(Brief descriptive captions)
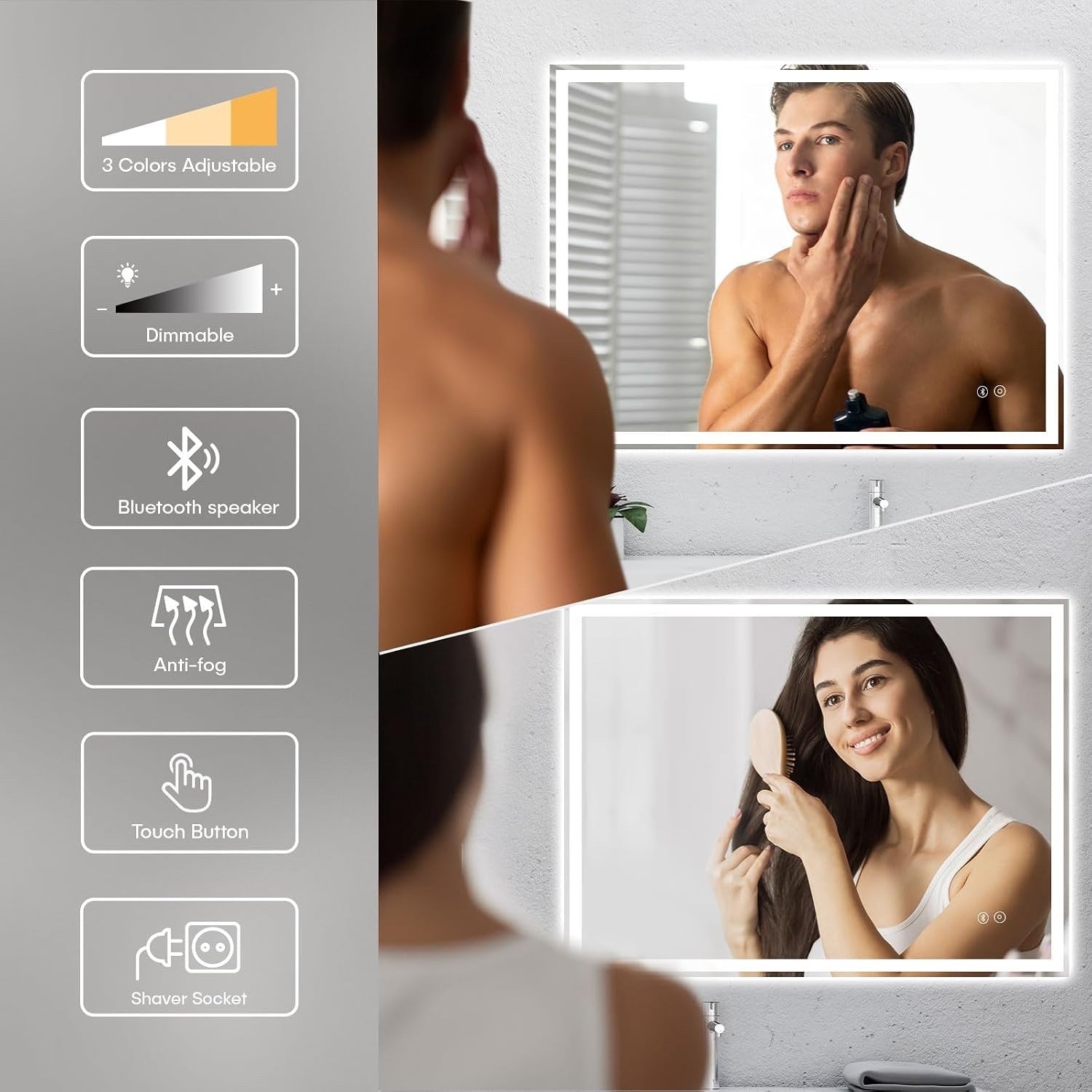 LED Bathroom Mirror Bluetooth Speaker Shaver Socket Anti Fog 50x70cm Dimmable
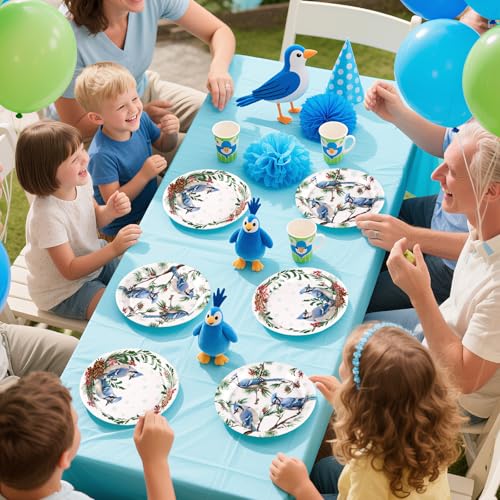 50 Pcs Christmas Winter Blue Jay Party Paper Plates - Grencian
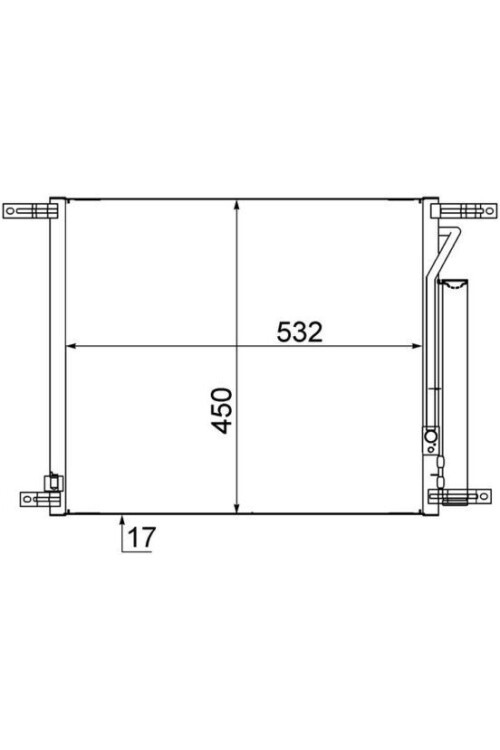 KLİMA RADYATÖRÜ KONDENSER CHEVROLET AVEO AL/AL 515x428x16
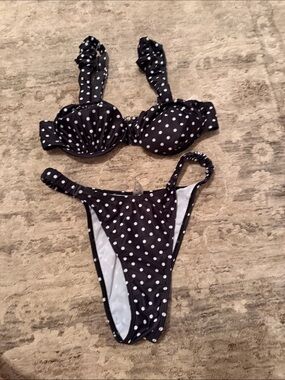 Black and White Polka Dot Bikini Set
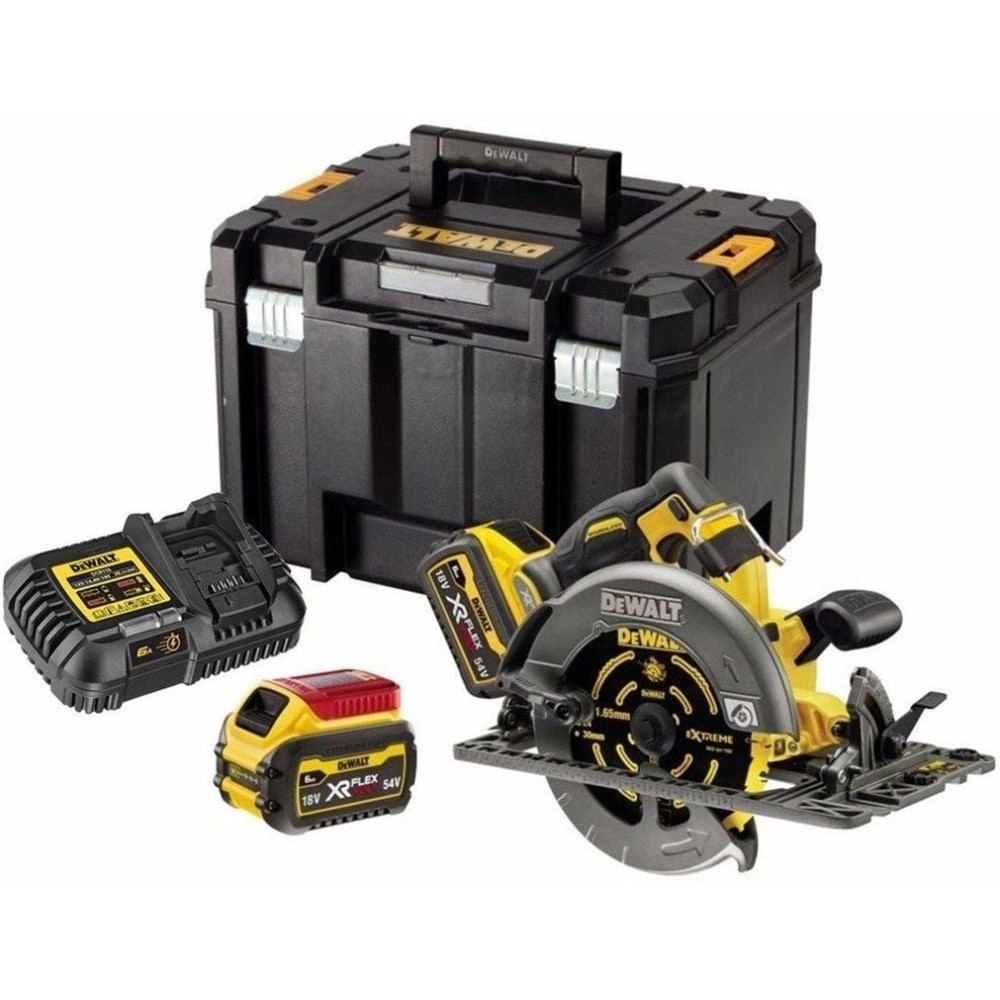 Акумулаторен безчетков циркуляр, ф 190, 54 V, DeWalt DCS576T2-QW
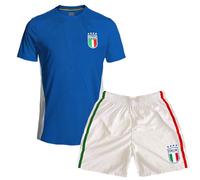 ITALIA FIGC Kit Calcio Bambino - Forza Azzurri. Maglia e pantaloncini calcio. Completo calcio bambino Vestibilità Regular 4 anni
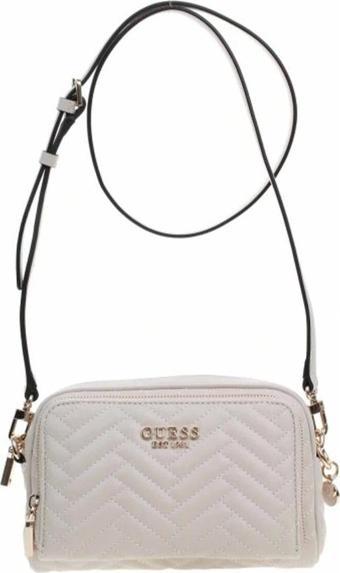 Guess Kadın Krem Anning Kapitoneli Mini Çapraz Çanta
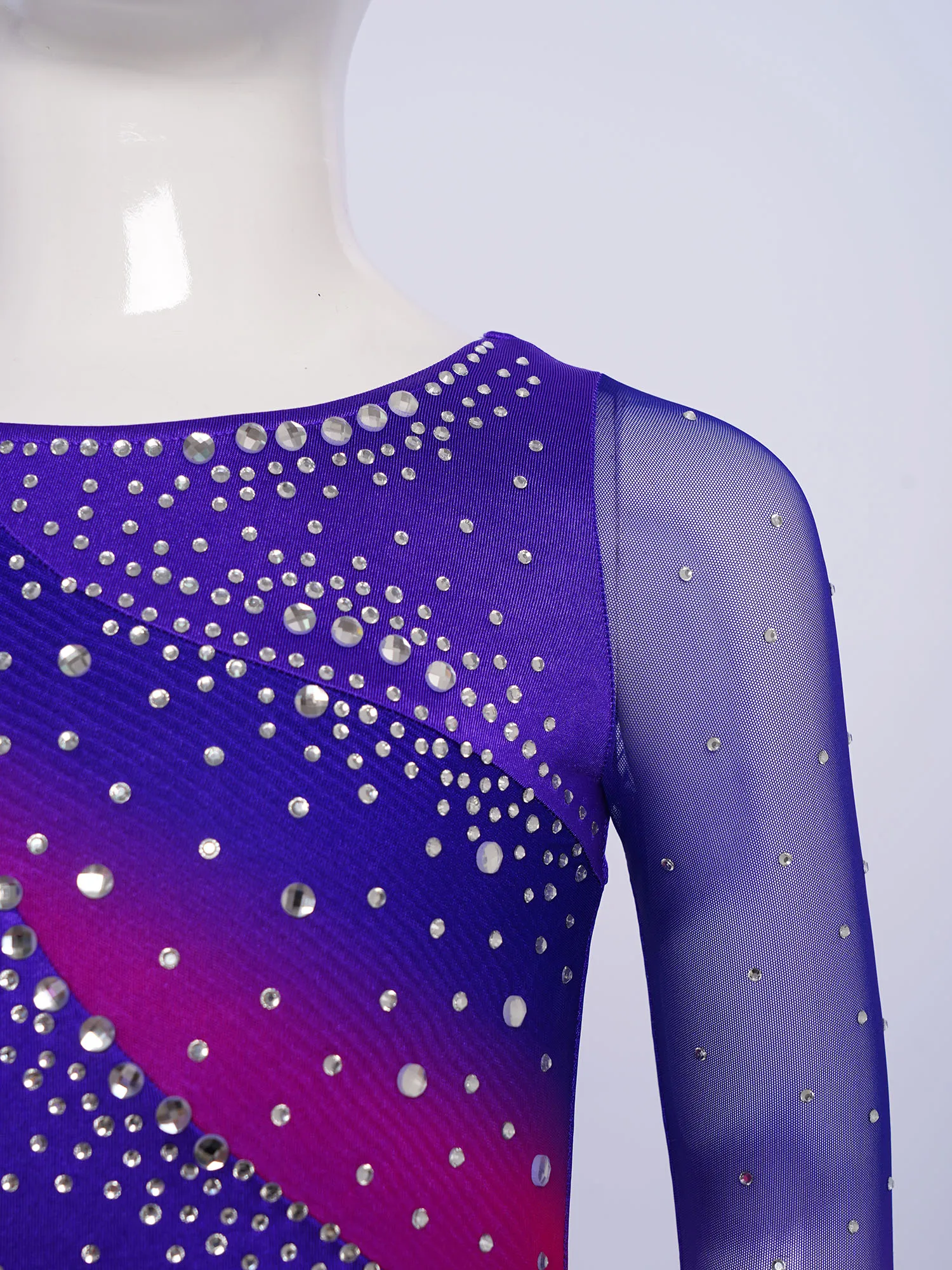 

Kids Girls Rhinestones Ballet Jersey Dress Figure Skating Rhythmic Gymnastics Leotard Asymmetrical Split Lyrical Dance Dress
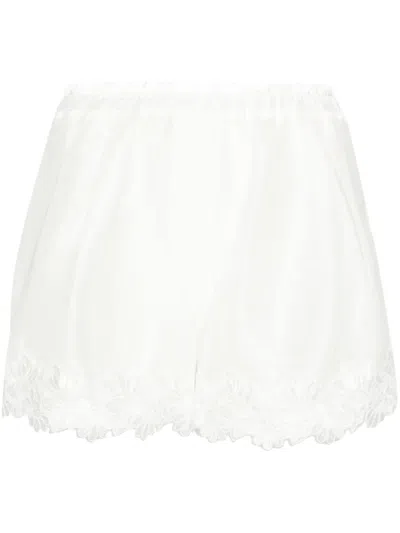 Maurizio Mykonos Corded Lace-trim Shorts In White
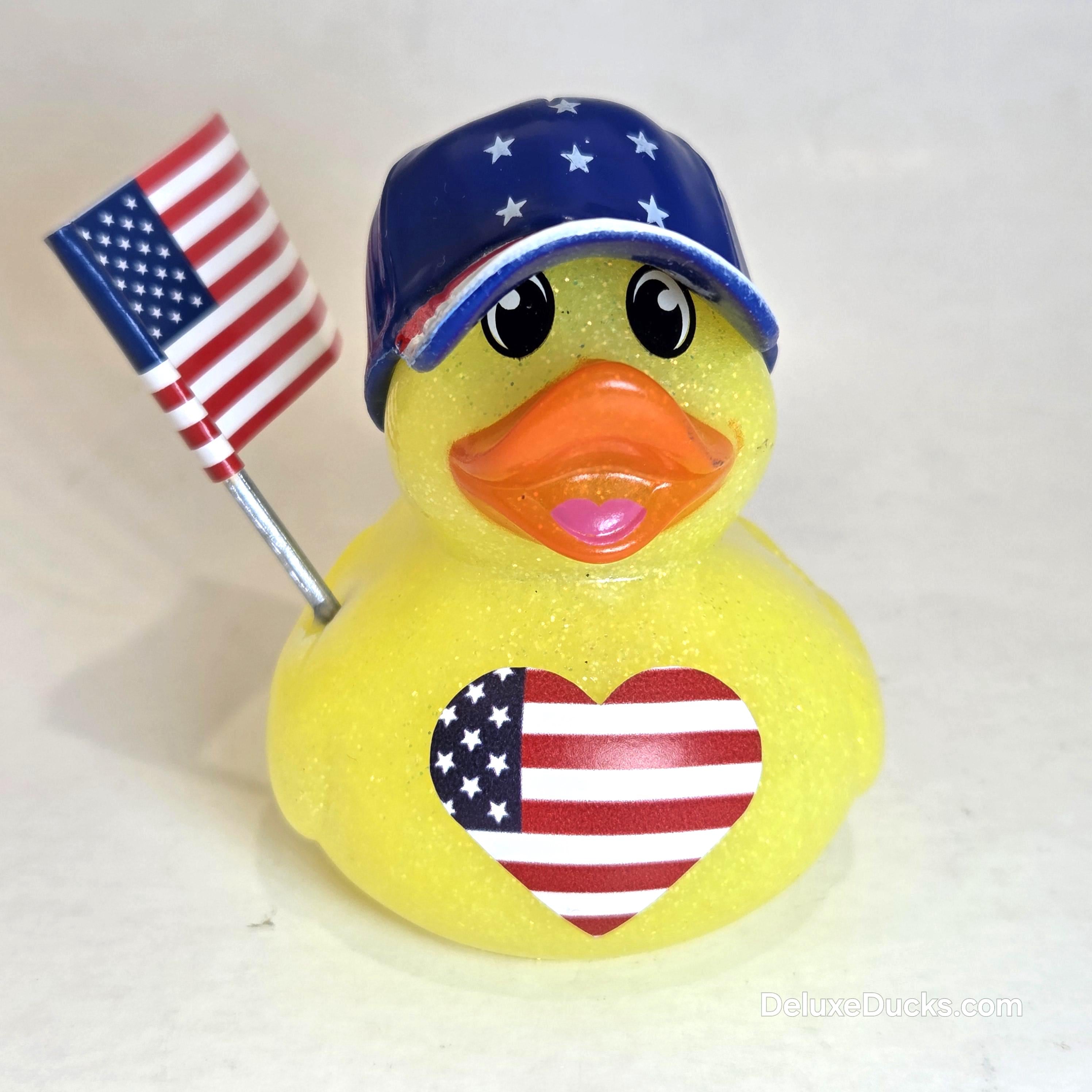 USA American Rubber Duck Flag Gift Patriotic Bedazzled Collectible Cruise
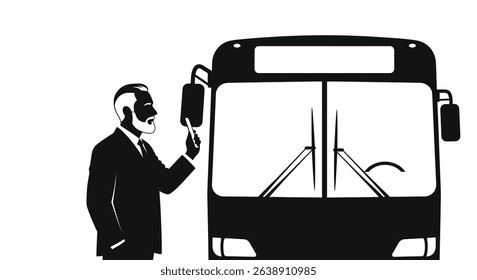 Silhouette: Bus Driver Checking Rearview Mirror Before Departure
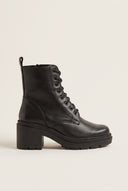 Lace Up Ankle Boots Block Heel - Black Matte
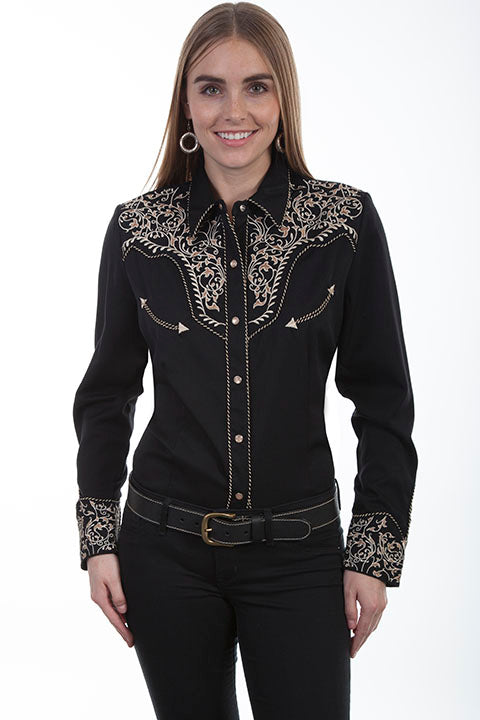 Scully Women's Scroll Embroidery Long Sleeve Snap Shirt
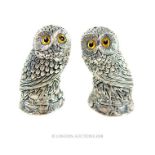 A pair of finely-detailed, continental (800) silver owl condiments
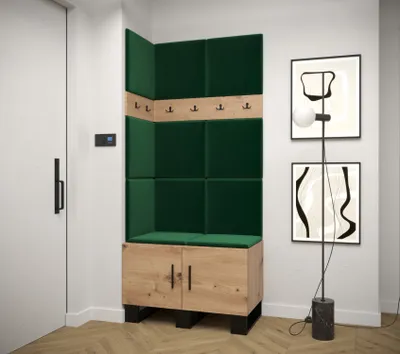 Obrázok produktu pre Predsieňová zostava RUMIE 11 - dub artisan, zelené panely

## Work instruction
Quote verbatim every line starting at the line that contains "A pair of finely-detailed, continental" and ending with the last line of the records; omit all pictures.

## Final answer
 A pair of finely-detailed, continental (800) silver owl condiments
 Obrázok produktu pre Predsieňová zostava RUMIE 11 - dub artisan, zelené panely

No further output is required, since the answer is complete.